OPEC members, along with allies such as Russia, concluded their monthly virtual meeting, normally held in Vienna, Thursday and pledged to rollover its current rate of output, which is holding back around 9.2 million barrels from the market each day, until at least the beginning of May.

Saudi Arabia's influential Energy Minister, Prince Abdulaziz bin Salman, as well as Russia's Deputy Prime Minister Alexander Novak, had both argued against easing the curbs, which were introduced last year, citing fragility in global markets and uncertain demand. 

"The uncertainty surrounding the pace of recovery has not receded," bin Salman said in his opening remarks. "At the risk of sounding like a stuck record, I would once again urge caution and vigilance."
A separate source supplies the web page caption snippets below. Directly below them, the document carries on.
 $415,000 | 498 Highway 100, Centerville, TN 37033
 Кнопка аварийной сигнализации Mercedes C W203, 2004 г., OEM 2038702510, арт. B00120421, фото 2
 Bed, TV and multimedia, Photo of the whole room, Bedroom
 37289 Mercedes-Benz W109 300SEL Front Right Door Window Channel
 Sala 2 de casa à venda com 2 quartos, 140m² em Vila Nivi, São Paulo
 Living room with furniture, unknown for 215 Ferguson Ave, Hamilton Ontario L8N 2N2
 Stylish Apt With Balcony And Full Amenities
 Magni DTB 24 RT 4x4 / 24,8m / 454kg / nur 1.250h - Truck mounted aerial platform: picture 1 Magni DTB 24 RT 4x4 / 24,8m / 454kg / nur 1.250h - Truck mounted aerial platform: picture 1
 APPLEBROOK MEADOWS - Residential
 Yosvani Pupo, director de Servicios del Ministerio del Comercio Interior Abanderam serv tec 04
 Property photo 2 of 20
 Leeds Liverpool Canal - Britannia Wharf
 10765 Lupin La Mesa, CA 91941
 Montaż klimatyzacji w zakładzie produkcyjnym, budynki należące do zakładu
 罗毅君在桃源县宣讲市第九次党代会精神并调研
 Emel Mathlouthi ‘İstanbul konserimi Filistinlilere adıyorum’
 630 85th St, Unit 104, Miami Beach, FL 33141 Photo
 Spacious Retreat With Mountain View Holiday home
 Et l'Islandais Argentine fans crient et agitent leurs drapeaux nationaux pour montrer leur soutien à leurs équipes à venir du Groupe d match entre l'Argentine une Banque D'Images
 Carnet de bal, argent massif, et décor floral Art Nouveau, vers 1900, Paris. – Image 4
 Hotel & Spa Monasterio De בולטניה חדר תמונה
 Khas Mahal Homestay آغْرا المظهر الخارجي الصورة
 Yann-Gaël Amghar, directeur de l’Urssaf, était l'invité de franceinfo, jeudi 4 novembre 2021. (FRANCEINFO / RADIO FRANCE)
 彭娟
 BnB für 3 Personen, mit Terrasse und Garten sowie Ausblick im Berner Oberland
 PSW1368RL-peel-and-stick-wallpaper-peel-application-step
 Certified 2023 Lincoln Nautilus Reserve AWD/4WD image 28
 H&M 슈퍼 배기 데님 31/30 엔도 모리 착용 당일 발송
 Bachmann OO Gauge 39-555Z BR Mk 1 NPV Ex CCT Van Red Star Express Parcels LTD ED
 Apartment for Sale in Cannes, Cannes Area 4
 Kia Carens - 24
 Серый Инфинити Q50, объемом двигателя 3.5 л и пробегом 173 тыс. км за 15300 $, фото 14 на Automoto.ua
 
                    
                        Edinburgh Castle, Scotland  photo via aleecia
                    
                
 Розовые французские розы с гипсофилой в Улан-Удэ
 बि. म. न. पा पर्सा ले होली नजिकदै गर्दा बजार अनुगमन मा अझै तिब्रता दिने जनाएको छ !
WTI crude futures for April delivery, the benchmark for U.S. oil and gas prices, were marked $3.02 higher on the session at $64.30 per barrel, a level last seen in December 2019.

U.S. prices were also boosted by yesterday's weekly report on domestic crude stocks from the Energy Department, which showed a record 21 million barrel decline linked to the shuttering of refineries in Texas during the worst of the winter storms that gripped the region late last month.

Brent crude contracts for May delivery, which are more tightly-aligned to global prices, rose $3.10 per barrel to $67.16.

Exxon Mobil  (XOM) - Get Report shares, meanwhile, were marked 4.56% higher at $59.10 each while its larger rival, Chevron Corp. CVX rose 3.15% to $106.85 each.

"We see oil demand rebounding at more than twice the rate suggested by recent history which indicates a relationship where every 1% of global economic growth equates to about 0.5% growth in oil demand," JPMorgan analyst Natasha Kaneva said in a recent client note. "Our economists now anticipate global economic growth to average 6.4% this year and we project oil demand expanding at a 6.7% rate as increased mobility amplifies the recovery."

"Despite this robust growth, we still see global demand only breaching the coveted 100 mbd level in December 2021," she added.